Je vais m'arrêter sur quelques-uns des aspects qui ont trait à la relation analyste-patient, pour ensuite envisager certaines propositions relatives aux conditions qui, selon moi, déterminent l'émergence d'une problématique contre-transférentielle spécifique, que j'appelle pathologie du contre-transfert. Il s'agit d'aspects contre-transférentiels qui font que l'analyste se trouve paralysé ou porté à « agir », ce qui peut dénaturer son travail.

En général, ces patients ont tendance à désorienter et désarmer l'analyste à travers des projections massives. Ils peuvent induire chez lui un état de fatigue et de découragement ou bien susciter des réactions contre-transférentielles, où prédomine l'agressivité refoulée de l'analyste, ce qui donne lieu chez ce dernier à la crainte de voir apparaître des réactions violentes de la part du patient. Ce comportement du patient correspond à ce que Bion, comme d'autres, nomment les attaques contre la liaison.

Dans « L'arrogance », un texte bref qui date de 1957, Bion commence à développer l'idée qu'une utilisation normale de l'identification projective joue un rôle important dans la constitution du lien. En ce sens, l'analyste doit être capable de tolérer le stress qu'implique le fait de contenir l'identification projective de son patient. Ce que j'ai à cœur d'analyser ici a trait à ce qui se produit lorsque l'intensité des projections du patient donne lieu à un contre-transfert où les propres contenus inconscients de l'analyste renforcent l'intensité de sa réaction et le paralysent, auquel cas, le vécu de culpabilité et d'impuissance qui s'ensuit peut le pousser à agir.

Notre activité d'analyste se fonde sur la recherche constante d'une attention neutre, faite de patience et d'équilibre. Cet effort constitue une véritable charge pour notre fonctionnement psychique, qui se voit soumis, à son tour, aux pressions exercées par chaque patient. Néanmoins, nous visons l'excellence, nous l'exigeons de nous-mêmes, pour partie en raison d'un fantasme de perfection narcissique inconscient présent en chacun de nous. Ce fantasme est également lié à un autre fantasme, en vertu duquel nous croyons que notre analyse personnelle nous aura libérés et dotés des outils nécessaires pour éviter que n'apparaissent certains traits de nos conflits infantiles.
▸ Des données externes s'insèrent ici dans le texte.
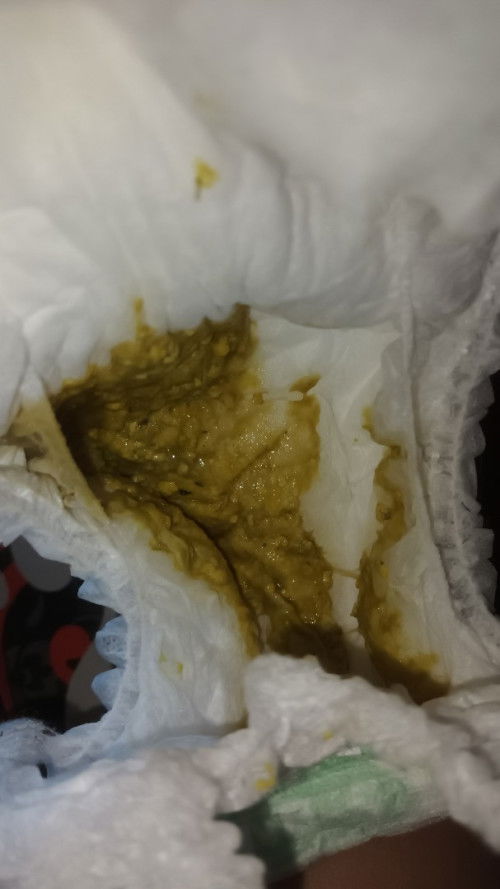 Bab bayi berlendir dan warna kuning kehijaun sdh berlangsung 3 harian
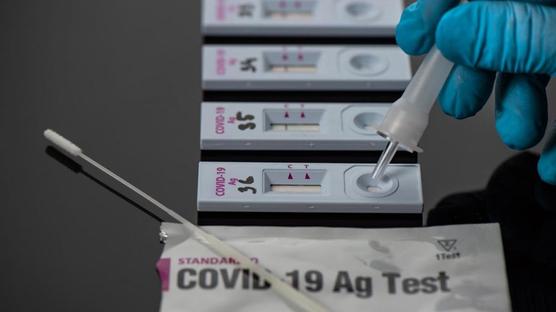 Los test de antígenos entregan el resultado en 15 minutos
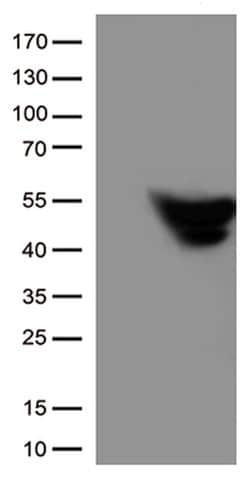 GFAP Mouse anti-Human, Rat, Clone: UMAB5, lyophilized, UltraMAB 100 &mu;g | Buy Online | Origene Technologies | Fisher Scientific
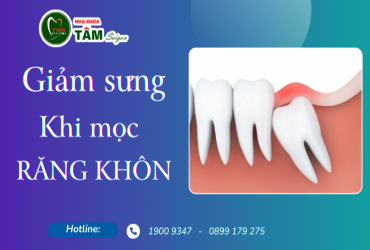 GIẢM SƯNG KHI MỌC RĂNG KHÔN 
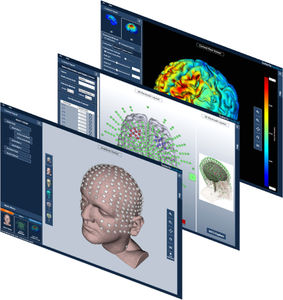 software de neuroestimulação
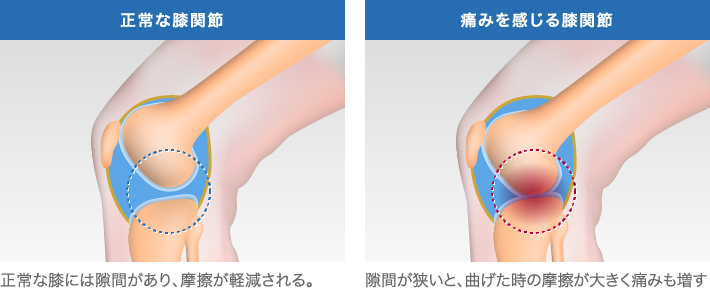 正常な膝関節と痛みを感じる膝関節の比較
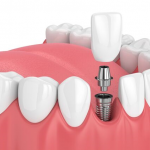 Long-term Care After Dental Implant 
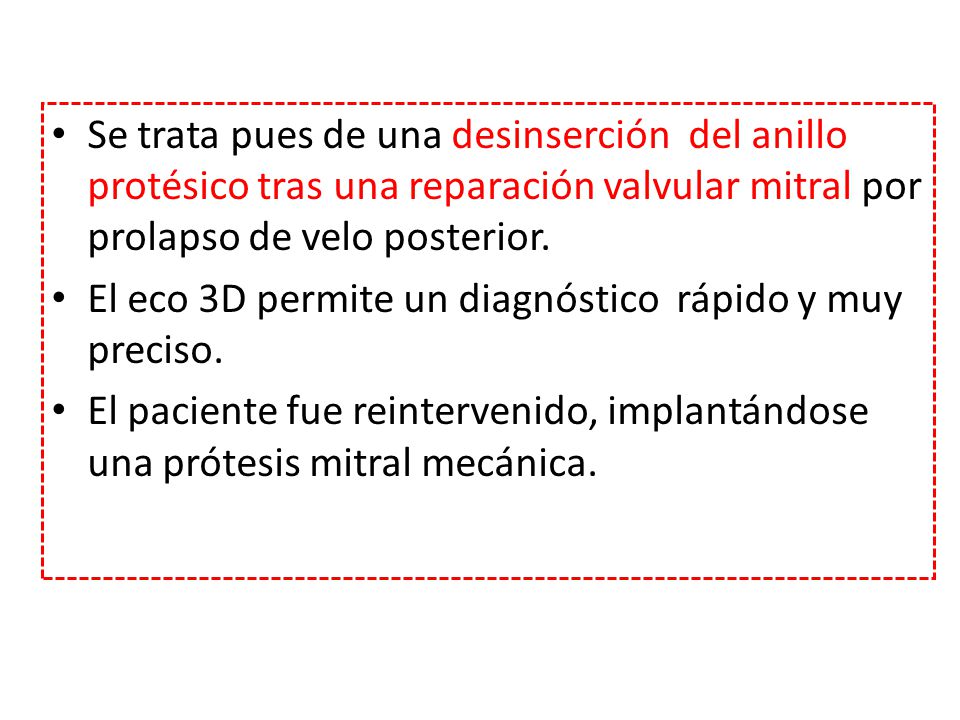 Se trata pues de una desinserción del anillo protésico tras una reparación valvular mitral por prolapso de velo posterior.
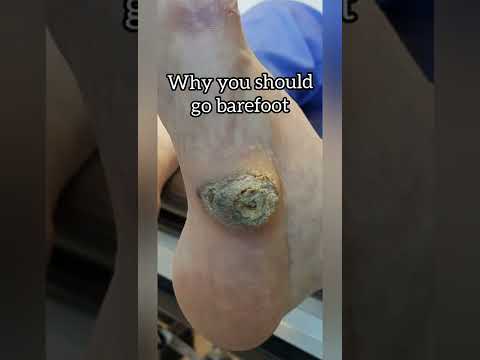 Why you should walk barefoot ep 13 | Foot corns #shorts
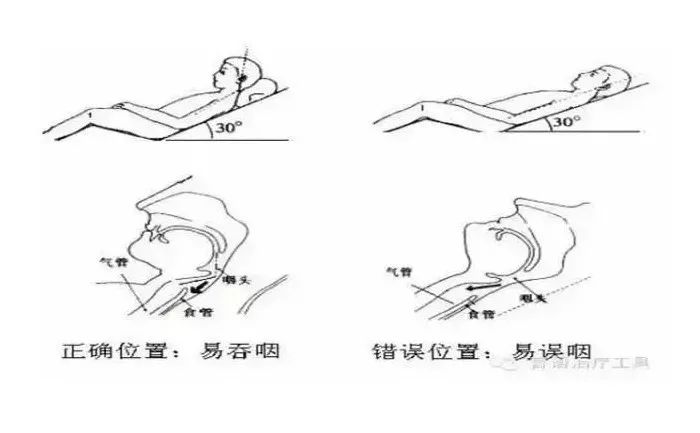 了解吞咽障碍的症状和预防措施,吞咽障碍的相关知识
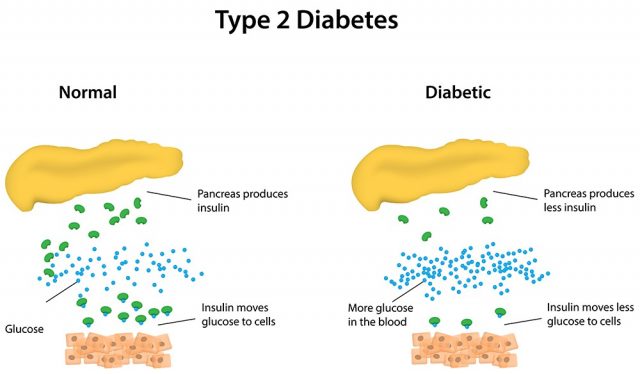 Type 2 Diabetes Labeled Diagram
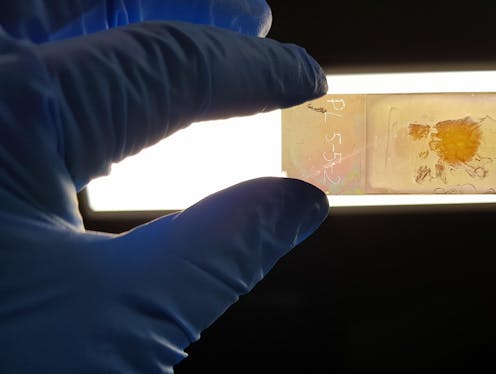 We created a microscope slide that could improve cancer diagnosis, by revealing the 'colour' of cancer cells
Joel Zac nous rappelle qu'il existe des variables du moi réalité de l'analyste qui, quand bien même elles ne seraient pas toujours présentes, peuvent faire irruption dans certaines circonstances déterminées. Même s'il existe des structures qui s'accordent bien avec la fonction analytique, il y en a d'autres qui fluctuent et qui ne sont pas toujours maîtrisables. L'irruption soudaine d'éléments occasionnels est difficile à contrôler, car nous ne parvenons pas à établir des corrélations à temps. Il arrive parfois que nous ne les percevions qu'à travers la perturbation qu'ils génèrent dans nos interprétations.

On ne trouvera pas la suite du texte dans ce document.